韩宁说:“行影粉是证据,白辰多疑,对苗奇奇没有足够的信任,苗奇奇的话,他未必会听。”
衫容嘴角勾了勾,喃喃道:“多好啊。”
韩宁没理他,继续解释说:“苗奇奇怕把自己搭进去,她也不敢和白辰说,但是有了行影粉,一切都不一样了……”
这些道理,根本就不需要韩宁多说,衫容比谁都清楚,但这些对他而言,不重要了。
“你有跟我解释的时间,不如去查一查她说的蛊虫,听说过吗?”衫容把这件事记在了心里。
韩宁皱眉说:“简单查了一下,并非虚构,但是难寻。”
“不是假的就好,查出来。”
韩宁觉得自己今晚守在这,太多余了,该问的没问出来,衫容想做的事他也没拦住。
照这样来看,他该给女皇传信了,把这里的消息告诉她。
苗丞相也失眠了,今日苗云华是哭着回来的,对苗奇奇的所作所为,哭诉了一番。
嫡女一门心思要嫁皇上,但太后一直阻拦,现在也嫁不出去。
另一个嫁出去的,给他带来的麻烦更大,都十多天了,马上蛊虫会再次发作,苗奇奇怎么一点有用的消息都没带来。
是不是自己太着急了,可什么消息都没有,他该怎么和皇上交代。
苗奇奇肯定没想到,自己不过是玩了一个比较刺激的游戏,却把几方势力都耍的团团转,今晚更是好几位都睡不着。
其中最难受的,就是白辰,苗奇奇的笑容在脑中挥之不去,可随之而来的,就是辰影的种种质疑。
直到早朝的时间快到了,辰影敲门进来,白辰才意识到自己一夜未睡。
辰王府内照常忙碌着,看着和以前没什么不同,暗中却各有变化。
苗奇奇早早的就爬起来了,本来是想做个贤良的王妃,但她失败了,睁眼的时候,白辰已经走了。
“朝臣带漏五更寒,一点都不假。

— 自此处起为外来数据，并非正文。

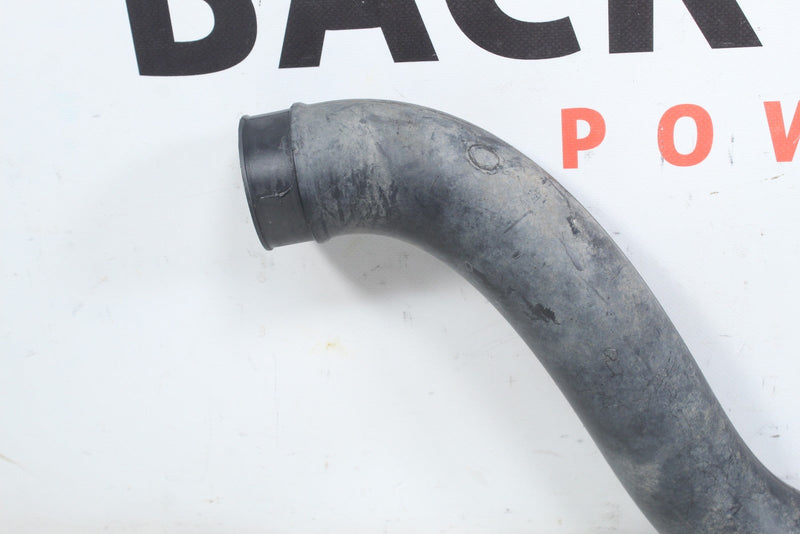 2014 ARCTIC CAT PROWLER HDX 500 Air Intake Duct Inlet Tube 1470 017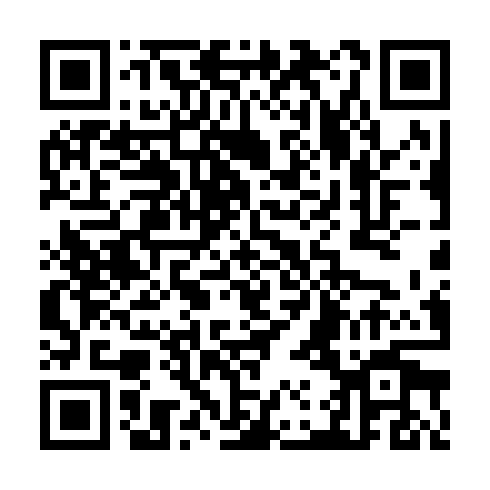 QR code for JFG 606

”苗奇奇感叹了一句,窝在椅子上打着哈欠。
纸鸢给她缠着发髻,笑着说:“王妃若是想早起,可以和我说,我可以过来叫王妃。”
“别了,我可不是每天都有心情,恰好早起而已。”苗奇奇睡眼惺忪的看着铜镜中的自己。
不是每天都有心情没错,但她今天可是用了心的,但在一个没有闹钟的时代,把控时间太难了,难免有些失手。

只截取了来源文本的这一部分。